Islam menjaga keamanan jiwa manusia hingga
pada tempat yang paling aman sekalipun, seperti masjid-masjid. Rasulullâh
shollallahu ‘alaihi wa ‘ala alihi wa sallam bersabda,
إِذَا مَرَّ
أَحَدُكُمْ فِيْ مَسْجِدِنَا أَوْ فِيْ سُوْقِنَا وَمَعَهُ نَبْلٌ فَلْيُمْسِكْ
عَلَى نِصَالِهَا أَوْ قَالَ فَلْيَقْبِضْ بِكَفِّهِ أَنْ يُصِيْبَ أَحَدًا مِنَ
الْمُسْلِمِيْنَ مِنْهَا شَيْءٌ
Apabila salah seorang dari kalian berlalu di
mesjid kami atau di pasar kami dangan membawa tombak, maka hendaknya ia
memegang ujungnya, –atau beliau berkata- hendaknya ia menggenggam dengan
tangannya, agar tidak ada sesuatupun dari senjata-senjata tersebut yang menimpa
salah seorang dari kaum muslimin.”
Memunculkan ketakutan di tengah kaum muslimin adalah hal
yang terlarang dalam syari’at Islam. Rasulullâh shollallâhu ‘alaihi wa ‘ala
alihi wa sallam bersabda,
لَا يُشِيْرُ أَحَدُكُمْ عَلَى أَخِيْهِ
بِالسِّلَاحِ فَإِنَّهُ لَا يَدْرِيْ لَعَلَّ الشَّيْطَانَ يَنْزِعُ فِيْ يَدِهِ
فَيَقَعُ فِيْ حُفْرَةٍ مِنَ النَّارِ
Janganlah salah seorang dari kalian
mengisyaratkan kepada saudaranya dengan senjata karena ia tidak mengetahui
jangan-jangan Syaithon mencelakakannya dengan sebab tangannya sehingga ia
terjerumus ke dalam jurang neraka.”
Syari’at ini telah mengharamkan atas setiap
muslim untuk berisyarat dengan suatu jenis senjata kepada saudaranya seislam,
walaupun hanya bercanda. Rasulullâh shollallâhu ‘alaihi wa ‘ala alihi wa sallam
bersabda,
مَنْ أَشَارَ
إِلَى أَخِيْهِ بِحَدِيْدَةٍ فَإِنَّ الْمَلَائِكَةَ تَلْعَنُهُ حَتَّى يَدَعَهُ
وَإِنْ كَانَ أَخَاهُ لِأَبِيْهِ وَأُمِّهِ
Barang siapa yang berisyarat kepada saudaranya
dengan sebuah besi, maka sesungguhnya Malaikat melaknatnya hingga ia
meninggalkannya, walaupun ia adalah saudaranya sebapak dan seibu.

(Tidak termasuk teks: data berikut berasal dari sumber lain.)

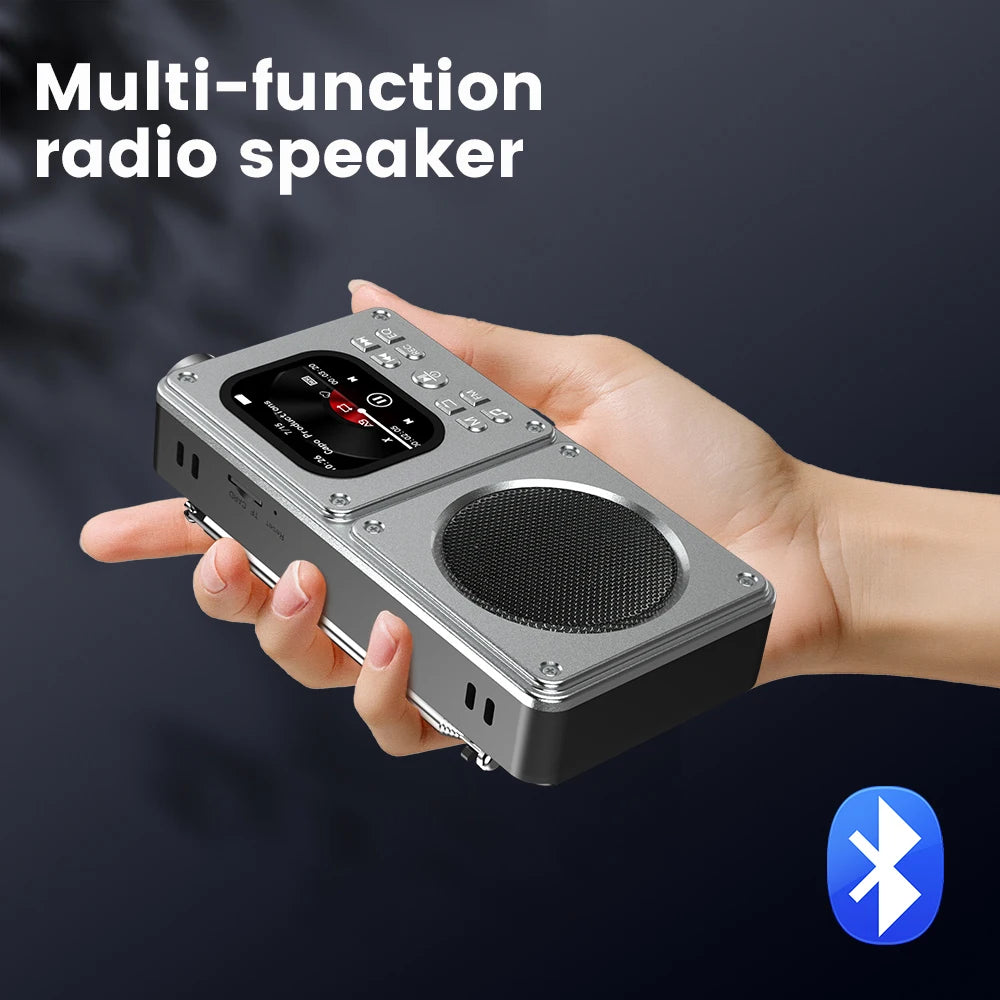 Altavoces inalámbricos Bluetooth 5.4 de 87,5-108 MHz, radio FM portátil para exteriores, reproductor de música MP3, compatible con auriculares, tarjeta TF, reloj con vídeo.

Membuat takut seorang muslim adalah perkara
yang diharamkan dengan segala bentuknya. Nabi shollallâhu ‘alaihi wa ‘ala alihi
wa sallam bersabda,
لَا يَحِلُّ
لِمُسْلِمٍ أَنْ يُرَوِّعَ مُسْلِمًا
Tidak halal bagi seorang muslim membuat
takut muslim yang lain.
Nabi shollallâhu ‘alaihi wa ‘ala alihi wa
sallam bersabda,
مَنْ حَمَلَ
عَلَيْنَا السِّلَاحَ فَلَيْسَ مِنَّا
Barang siapa yang
mengangkat senjata terhadap kami, maka ia bukan dari golongan kami.”
Beliau juga menegaskan,
سِبَابُ
الْمُسْلِمِ فُسُوْقٌ وَقِتَالُهُ كُفْرٌ
Mencela seorang muslim adalah kefasikan dan
membunuhnya adalah kekufuran.”
Nabi shollallâhu ‘alaihi wa ‘ala alihi wa
sallam bersabda,
الْمُسْلِمُ
مَنْ سَلِمَ الْمُسْلِمُوْنَ مِنْ لِسَانِهِ وَيَدِهِ
Seorang muslim adalah orang yang kaum
muslimin (lainnya) selamat dari gangguan lisan dan tangannya.

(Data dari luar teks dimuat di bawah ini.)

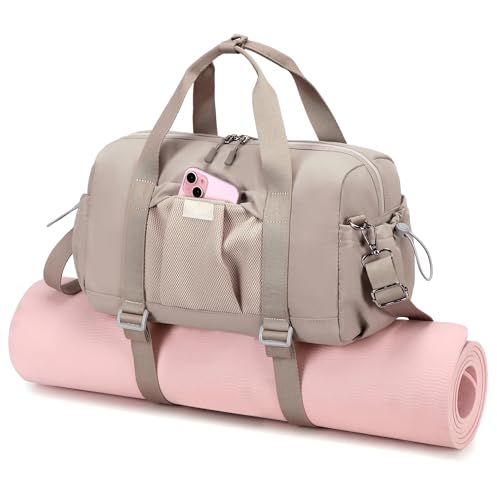 Small Mini Gym Bag for Women, Compact Duffle Overnight Bag - color: Khaki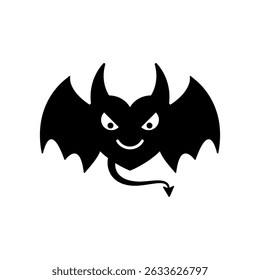 Angry heart with devil face with horns and wings. Vector illustration.
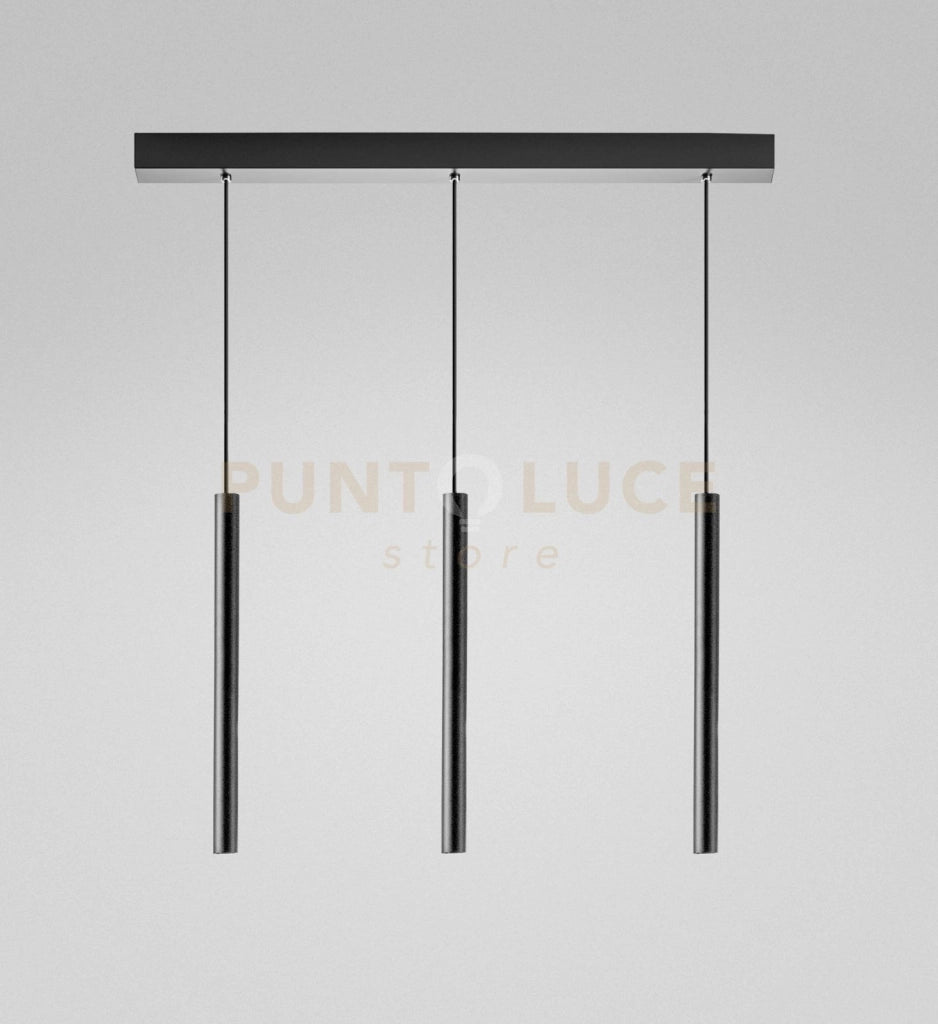 THALASSIA S/3P - SOSPENSIONE LINEARE IN ALLUMINIO COLORE NERO A LED 3 LUCI 3000K 1194LM 3X7W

Sebagai penjagaan terhadap keamanan dan
ketentraman, Nabi shollallâhu ‘alaihi wa ‘ala alihi wa sallam marah kepada
siapa saja yang memberikan syafa’at dalam pelaksanaan had (hukuman) dari
had-had Allah ‘Azza wa Jalla setelah perkara itu sampai kepada penguasa, dimana
beliau shollallahu ‘alaihi wa ‘ala alihi wa sallam menegaskan hal
tersebut dalam sabdanya,
لَوْ أَنَّ
فَاطِمَةَ بَنْتَ مُحَمَّدٍ سَرَقَتْ لَقَطَعْتُ يَدَهَا
Andaikata Fathimah putri Muhammad mencuri,
maka sungguh saya akan memotong tangannya. HR. Bukhari dan Muslim
1.4.3.Kemakmuran
Kemakmuran adalah kondisi di mana masyarakat dapat merasakan kehidupan yang
tercukupi kebutuhannya baik secara moril maupun materiil. Menurut Ibnu Taimiyah, kemakmuran dalam
persepsi Islam bertujuan untuk mencapai moral kehidupan yang baik. Beliau juga
menambahkan bahwa akan banyak sekali kewajiban agama yang tidak dapat
dijalankan jika kemakmuran belum dicapai. Dan masyarakat yang tidak mencapai
kemakmuran secara otomatis sulit menjalankan agamanya secara kaffaah
(totalitas) termasuk dalam hal ibadahnya kepada Allah SWT. Sehingga oleh sebab
itulah Islam sangat menganjurkan agar umat manusia mau mencapai kehidupan dunia
yang lebih baik (hasanat fid duniya)
karena hal itu berkorelasi dengan upaya mencapai hasanat fil akhirat.
Ibnu Taimiyah
sangat menolak sikap hidup yang menjauhi keduniaan sebagaimana dianuti oleh
kalangan sufi ortodok. Bahkan beliau berpendapat bahwa keduniaan harus diraih
oleh umat Islam sebagai sarana untuk mencapai kemampuan dalam memenuhi kewajiban
dan menjauhi hal-hal yang dilarang. Oleh sebab itu pula Ibnu Taimiyah
berkesimpulan bahwa syarat mutlak untuk mewujudkan masyarakat Islam yang
sebenar-benarnya ialah harus dicapai lebih dulu kemakmuran umat. Kemiskinan
justru akan menghambat umat Islam untuk menjadi kaaffah. Dan kemiskinan merupakan penghalang utama bagi mewujudkan
masyarakat Islam yang utama dan yang sebenar-benarnya.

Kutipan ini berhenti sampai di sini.